Big endian vs little endian
Posted Mar 24, 2007 0:22 UTC (Sat) by giraffedata
In reply to: Big endian vs little endian
Parent article: How an Accident of Hardware Design Encouraged Open Source (O'ReillyNet)
"I don't see any inconsistency. A telephone number isn't a number; it's just a digit sequence. There's only one sane way to write a telephone number: in the order in which you dial it."
How does that make -any- sense? If you're reading right-to-left, you'd read the numbers right-to-left and dial right-to-left.
I failed to notice that the quote to which I was responding is contradictory. My statement makes sense if you believe the first half of it ("telephone numbers are an exception to writing numbers little-endian"), but nonsense if you believe the second half ("telephone numbers are left to right).

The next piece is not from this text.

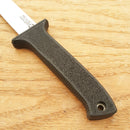 Cold Steel Peace Maker III Fixed Knife 4" 4116 Steel Blade Black Kray-Ex Handle 20PBS -Cold Steel - Survivor Hand Precision Knives & Outdoor Gear Store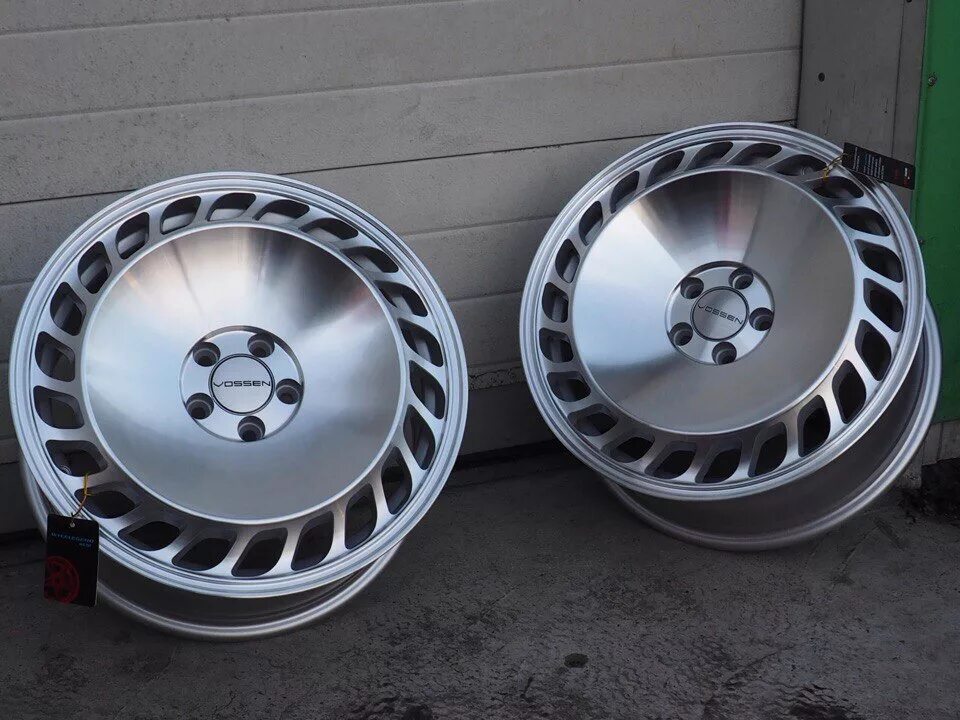 R17 4x100 купить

I confirmed at http://www2.ignatius.edu/faculty/turner/arabic/anumbers.htm that numbers in Arabic are written little-endian (least significant digit on the right).
Now the only question is what direction are telephone numbers written? Common sense tells me the "left to right" from the original is a typo and is supposed to say "right to left." That way, it is big-endian, which is inconsistent with the way numbers are written, but is in the order of dialing. Which would make my objection correct: there's no real inconsistency because telephone numbers aren't numbers.
(While telephone numbers aren't numbers, I consider the digits to have significance in the same way numbers do; the digits that select among the largest geographical area in the original geographical numbering system are the more significant).